EXERCISE MATERIAL:
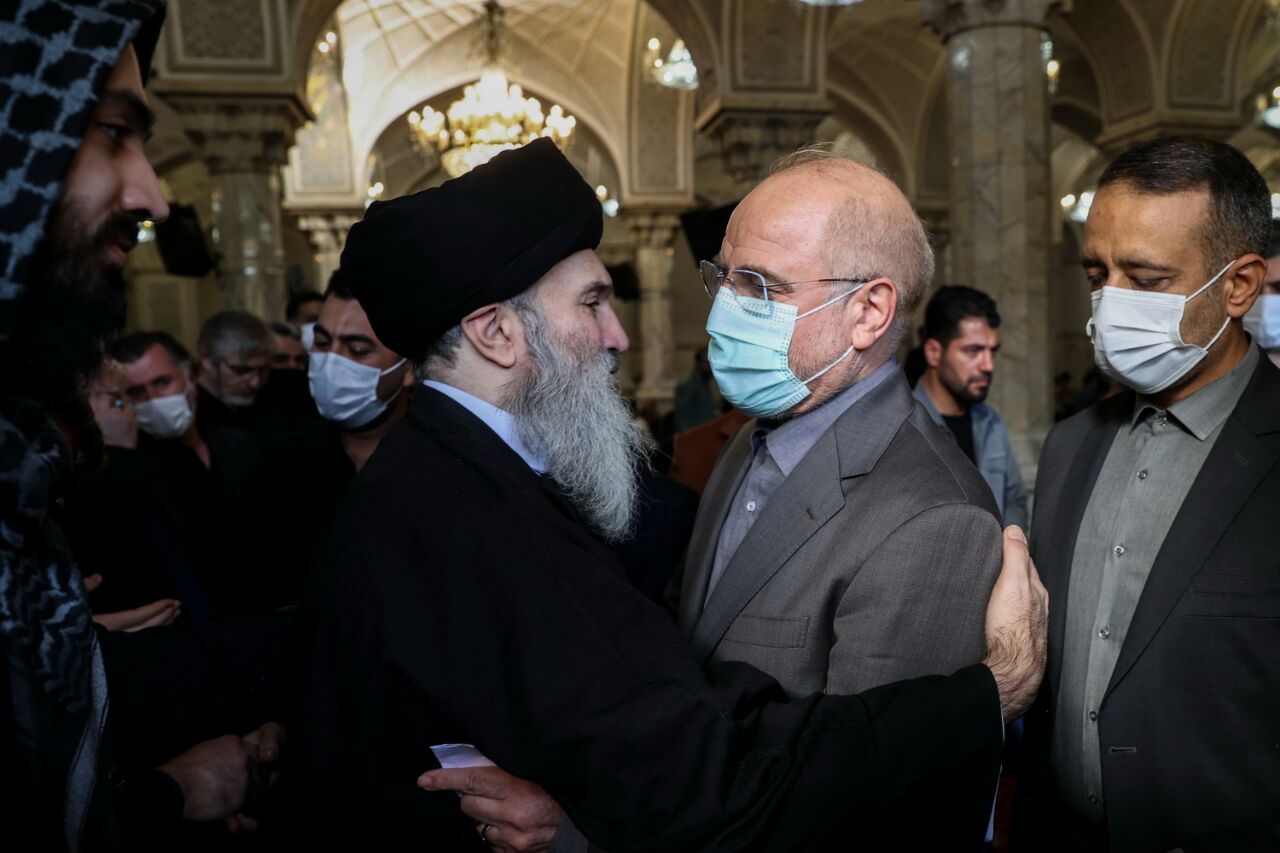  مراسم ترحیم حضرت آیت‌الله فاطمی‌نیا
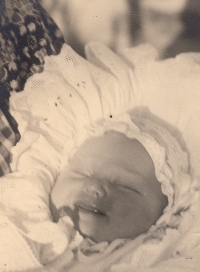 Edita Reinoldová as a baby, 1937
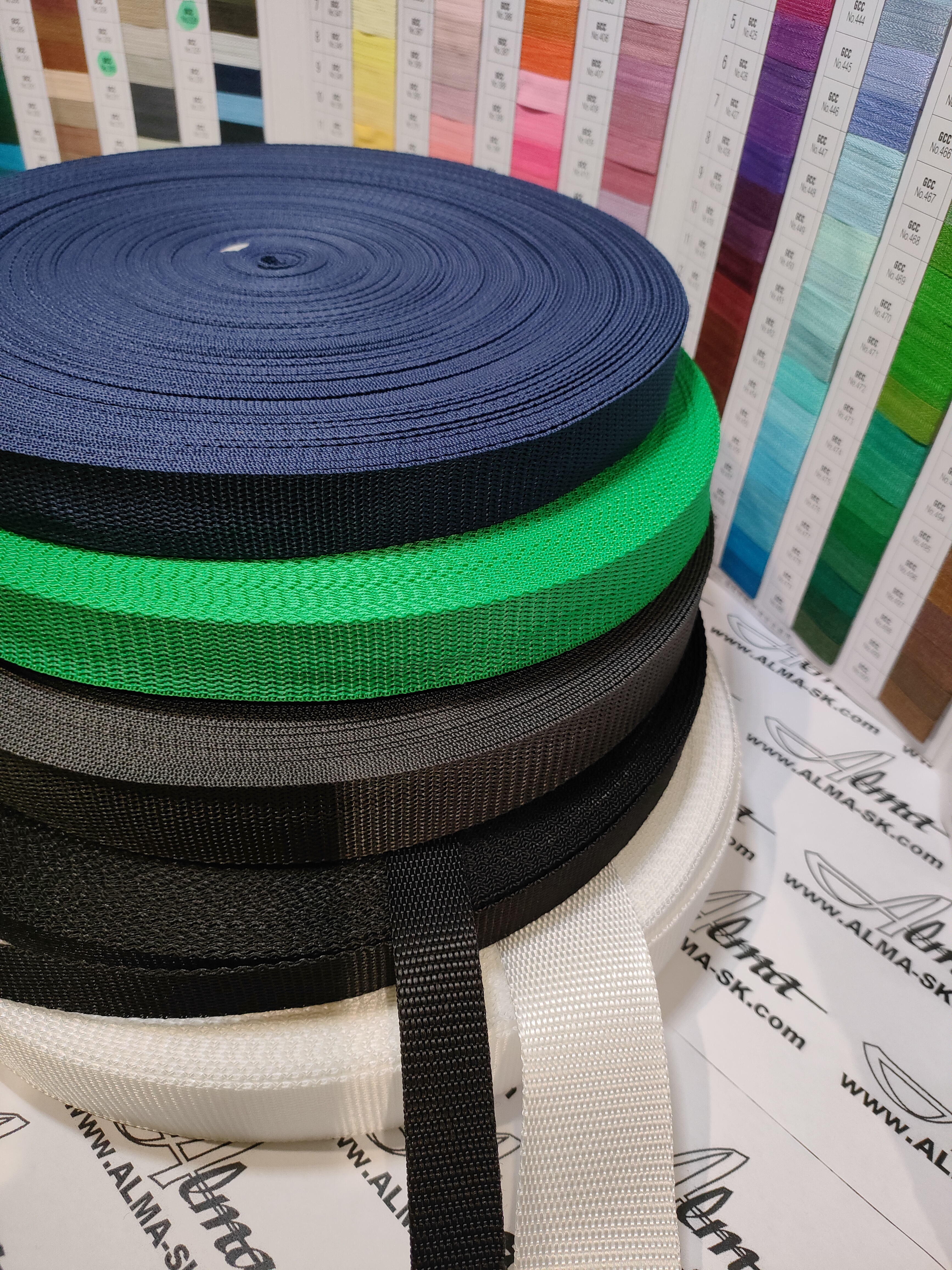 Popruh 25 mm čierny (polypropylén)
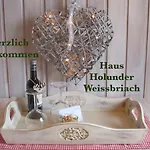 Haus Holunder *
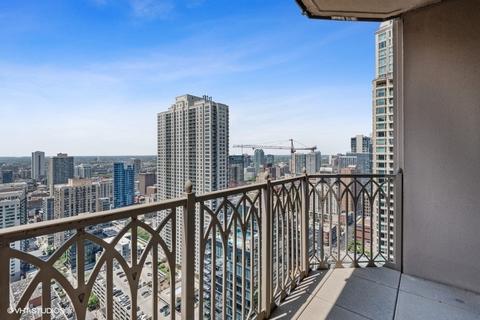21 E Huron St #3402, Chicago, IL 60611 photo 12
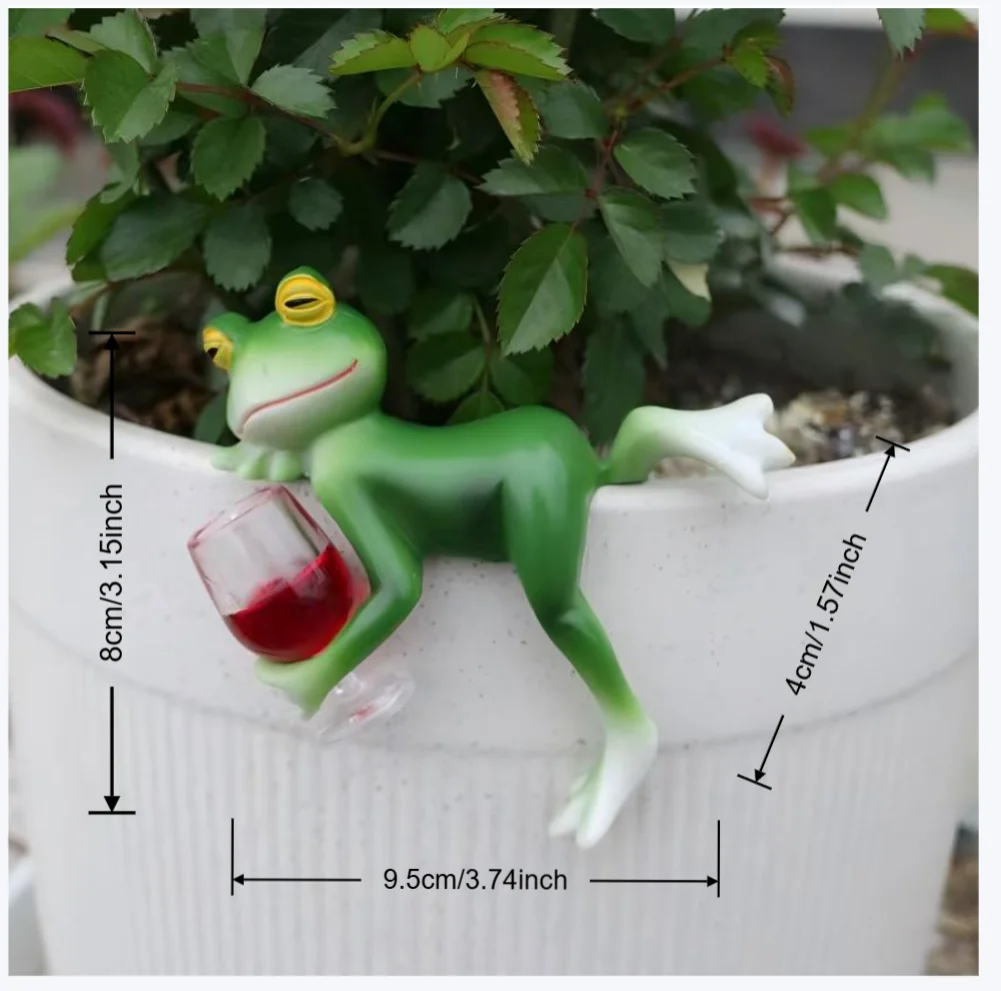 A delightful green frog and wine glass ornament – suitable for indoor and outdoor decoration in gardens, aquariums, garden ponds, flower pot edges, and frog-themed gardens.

TASK DESCRIPTION:
Please return all of the entries word for word, excluding the pictures.

YOUR SOLUTION:
  مراسم ترحیم حضرت آیت‌الله فاطمی‌نیا
 Edita Reinoldová as a baby, 1937
 Popruh 25 mm čierny (polypropylén)
 Haus Holunder *
21 E Huron St #3402, Chicago, IL 60611 photo 12
 A delightful green frog and wine glass ornament – suitable for indoor and outdoor decoration in gardens, aquariums, garden ponds, flower pot edges, and frog-themed gardens.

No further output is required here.